To further evaluate the number of growing follicles, we also measured serum AMH levels from the three strains of PBS- and CPA-treated mice. The level of AMH in CPA-treated mice decrease by 3 days post injection in CD-1 and BALB/cJ mice, while the level of AMH steadily increased in PBS-treated CD-1 and C57BL/6J mice and constantly remained in PBS-treated BALB/cJ mice by 7 days post injection. In addition, serum AMH levels were lower in the CPA-treated group compared to the control group at 3 and 7 days post injection (Fig. 4C), contrary to previous reports (Kalich-Philosoph et al. 2013), but consistent with our finding that CPA destroyed granulosa cells in growing and antral follicles (Supplementary Fig. 1). Because the remaining healthy granulosa cells in secondary follicles would eventually proliferate and secrete AMH and the increase of secondary follicles by 7 days post injection, we observed the serum AMH levels in CPA-treated mice did not increase by day 7, especially in BALB/cJ (Fig. 4C).
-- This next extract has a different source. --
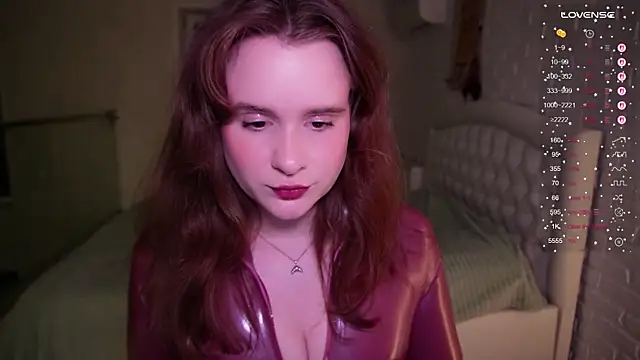 Jantrlatex online show from September 21, 2025, 8:25 pm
CPA induces the loss of primordial oocytes through apoptosis
To test if CPA induces activation of primordial follicles by stimulating granulosa cell proliferation in primordial follicles, we performed IF assay of Ki67 on ovarian tissue sections from PD5 and 8-week-old CD-1 mice treated with 150 mg/kg CPA (Fig. 5A). The signals of Ki67 were mostly detected in granulosa cells of secondary follicles at PD5 mice and counted with four non-overlapped images from each sample. The number of Ki67-positive cells decreased by 3 days (72 h) after CPA treatment; this is in contrast to a previous report (Kalich-Philosoph et al. 2013). However, the numbers of Ki67-positive cells were comparable in PBS and CPA injected 8-week-old mice (Fig. 5A and Supplementary Fig. 3), implying that CPA does not activate primordial follicles into growing pools of follicles.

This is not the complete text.